Stephanie Nickitas
- Full name: Stephanie Nickitas
- Country (sports): United States
- Born: 1977
- Prize money: $13,616

Singles
- Highest ranking: No. 739 (August 17, 1998)

Doubles
- Highest ranking: No. 474 (May 26, 1997)

Grand Slam doubles results
- US Open: 1R (1993, 1994, 1996, 1997)

= Stephanie Nickitas =

American tennis player

Stephanie Nickitas (born 1977) is a former professional and college tennis player from the United States.

==Biography==
Nickitas trained as a junior at the Saddlebrook Academy near Tampa, Florida.
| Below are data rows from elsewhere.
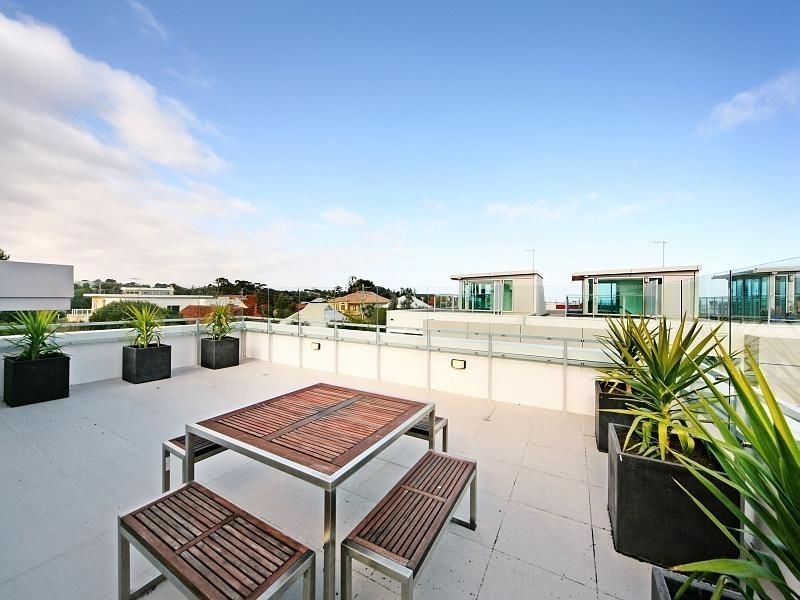 62/15 Beach Road, Hampton VIC 3188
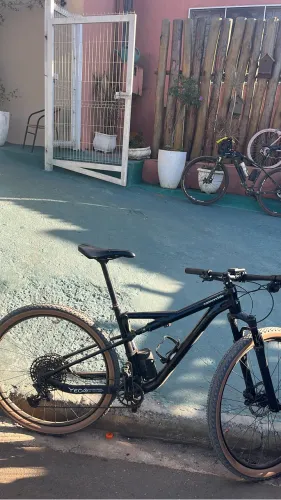 Bike full a venda 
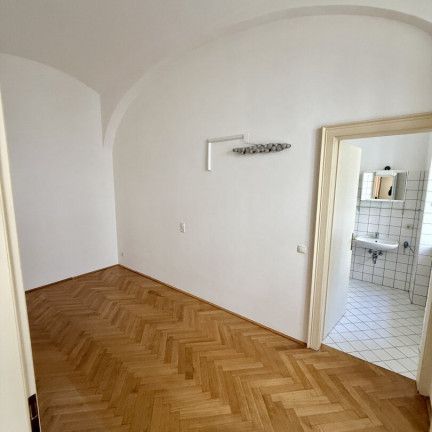 UNBEFRISTETE, GEPFLEGTE 2-ZIMMER-WOHNUNG MIT GEMEINSCHAFTSTERRASSE PROVISIONSFREI ZU MIETEN! - Photo 1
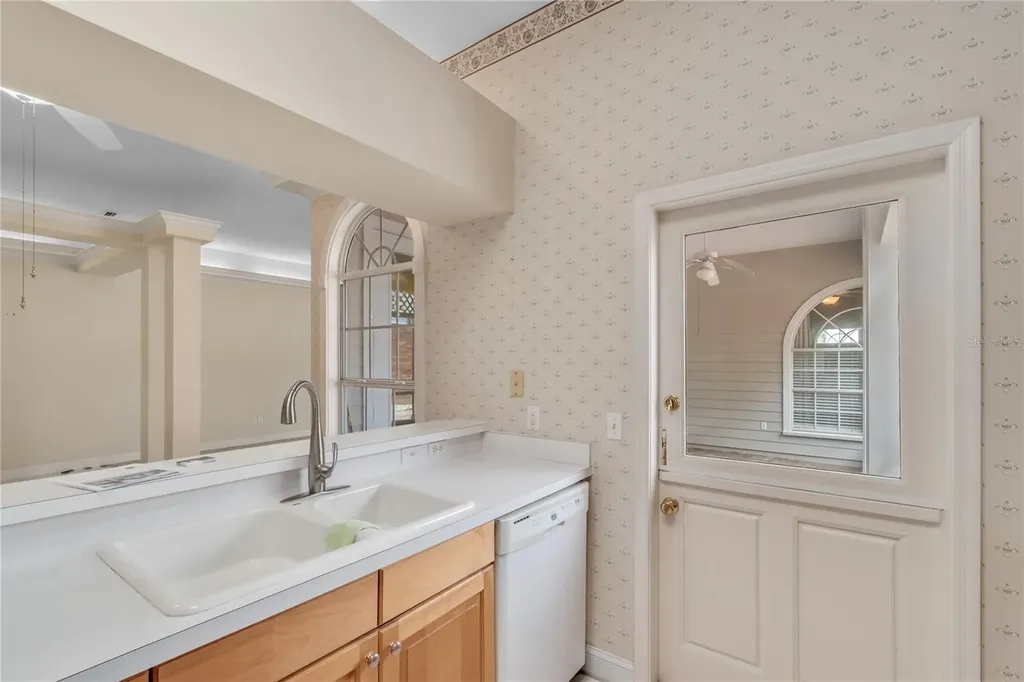 10442 NW 35th Place Gainesville FL 32606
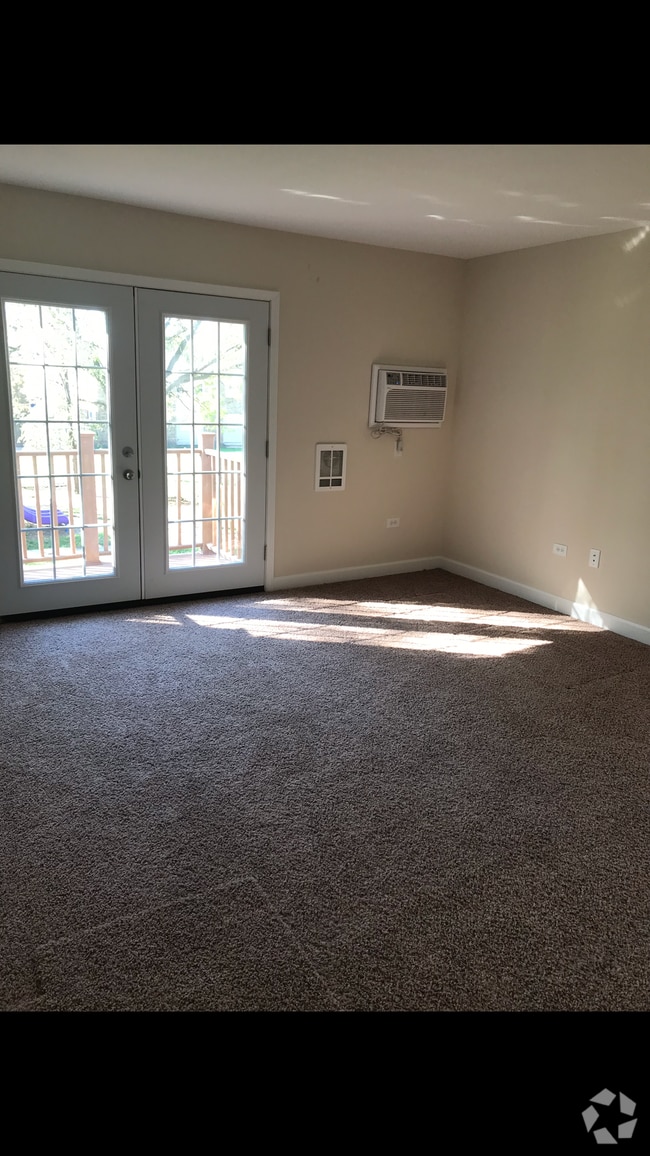 Building Photo - 312 Wilshire Dr Unit Apt 1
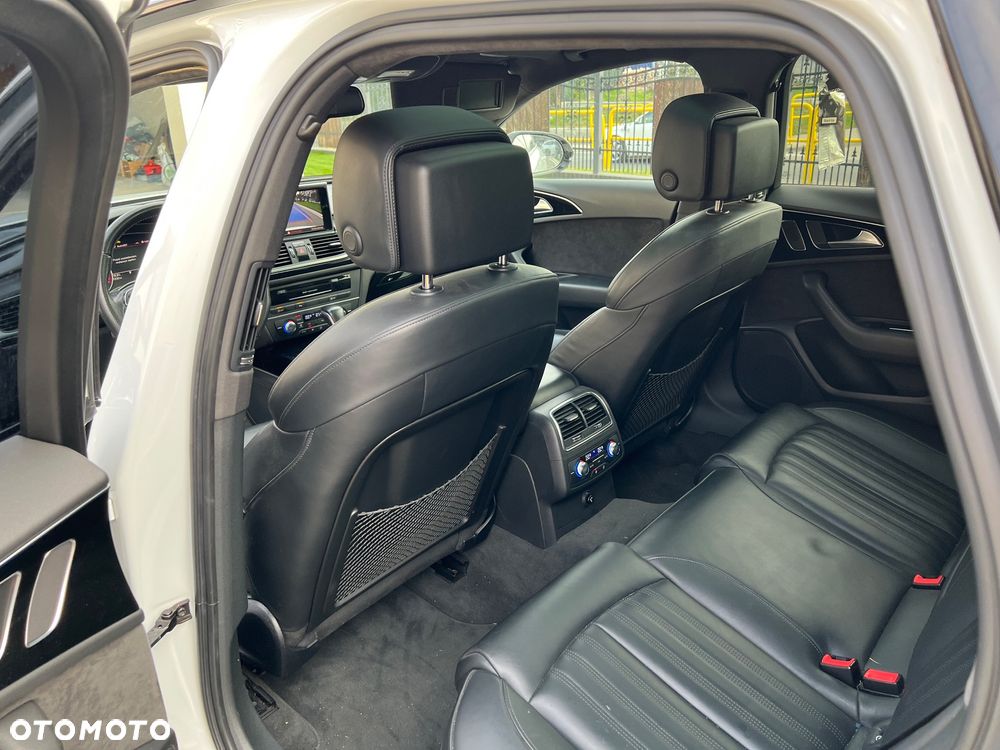 Audi A6 Avant 3.0 TDI quattro S tronic - 9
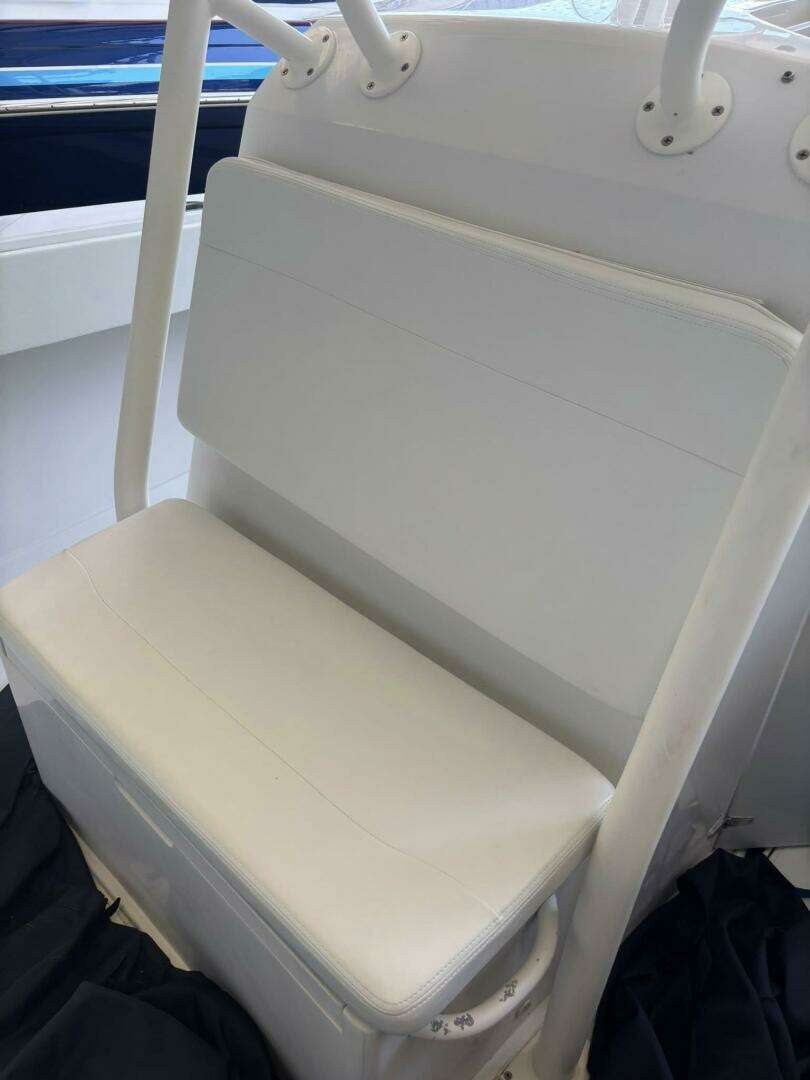 2006 Jupiter 31 CC Forward Seating - Image 21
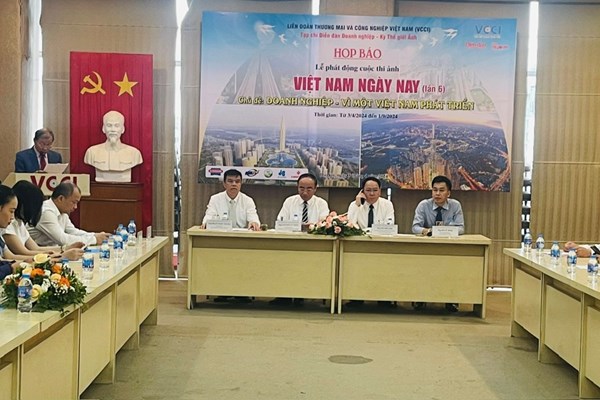 Phát động Cuộc thi ảnh Việt Nam Ngày nay lần thứ sáu - Anh 1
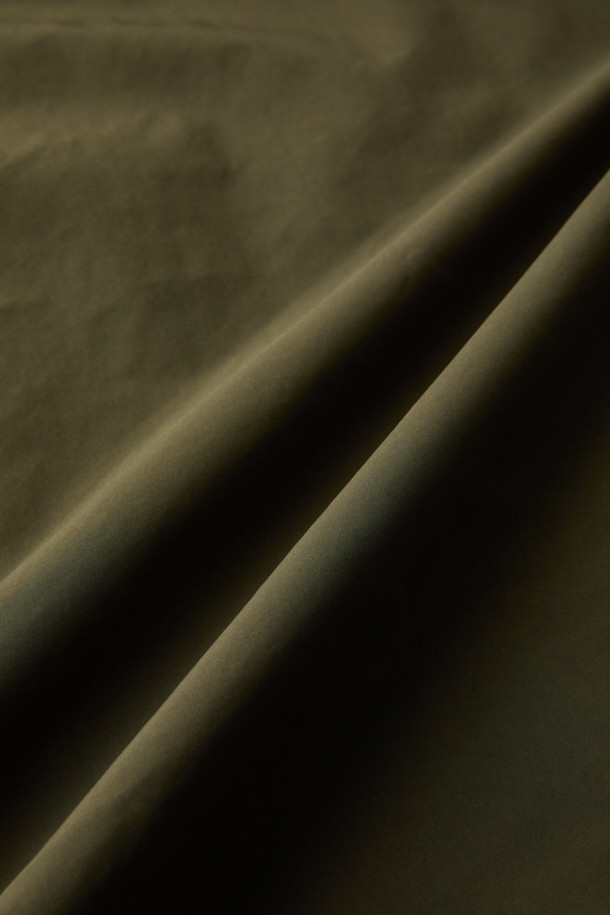 가을 시즌 아웃도어 활동과 일상에서 활용하기 좋은 패디드 후드 점퍼입니다. 카키와 올리브 두 가지 색상으로 출시되었으며, 세미 오버핏으로 편안한 착용감을 선사합니다. 발수 가공된 나일론, 폴리에스테르 혼방 소재에 두꺼운 패딩 충전재를 사용하여 보온성을 높였습니다. 후드 일체형 디자인과 스트링 디테일, 사이드 플랩 포켓, 소매 턱 디테일이 특징이며, 캠핑룩, 등산룩, 여행룩, 고프코어 및 캐주얼 스타일을 연출하기 좋습니다.
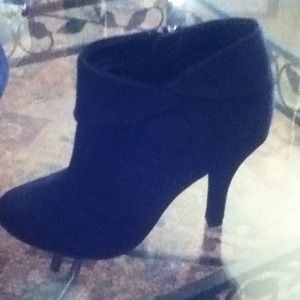 Black ankle boots super cute!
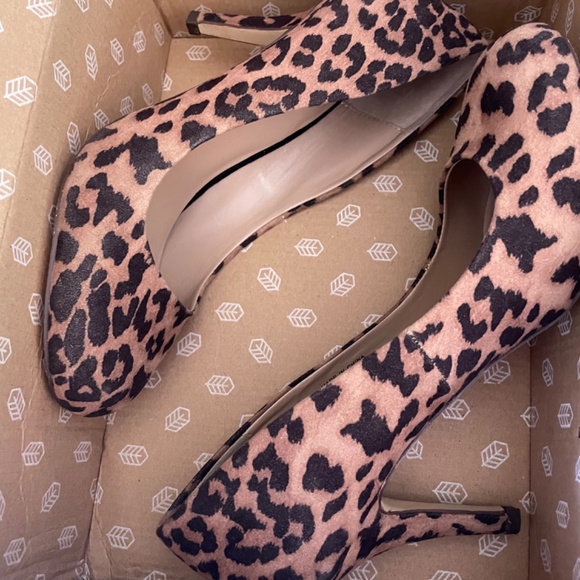 Size 8 Call it Spring heels - Picture 6 of 7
She played Junior Fed Cup tennis for the United States and twice made the girls' doubles semi-finals at the US Open juniors, in 1993 and 1994. In both of those years she also featured in the women's doubles draw with regular junior partner Cristina Moros.

With University of Florida teammate Dawn Buth, Nickitas made further US Open main draw appearances in the women's doubles in 1996 and 1997. The pair had received US Open wildcards each year for winning the NCAA doubles championships. They were the first players in women's NCAA history to win back to back Division I titles and reached a third successive final in 1998, but lost to California's Amanda Augustus and Amy Jensen. A six-time All-American, she also won two NCAA team championships with Florida. She graduated in 1999 with a degree in business administration.

Since finishing up as a player she has worked as a collegiate tennis coach. She was an assistant coach at Harvard and then Duke University, before a nine-season stint as head coach of the University of Central Florida, which ended with her retirement in 2016.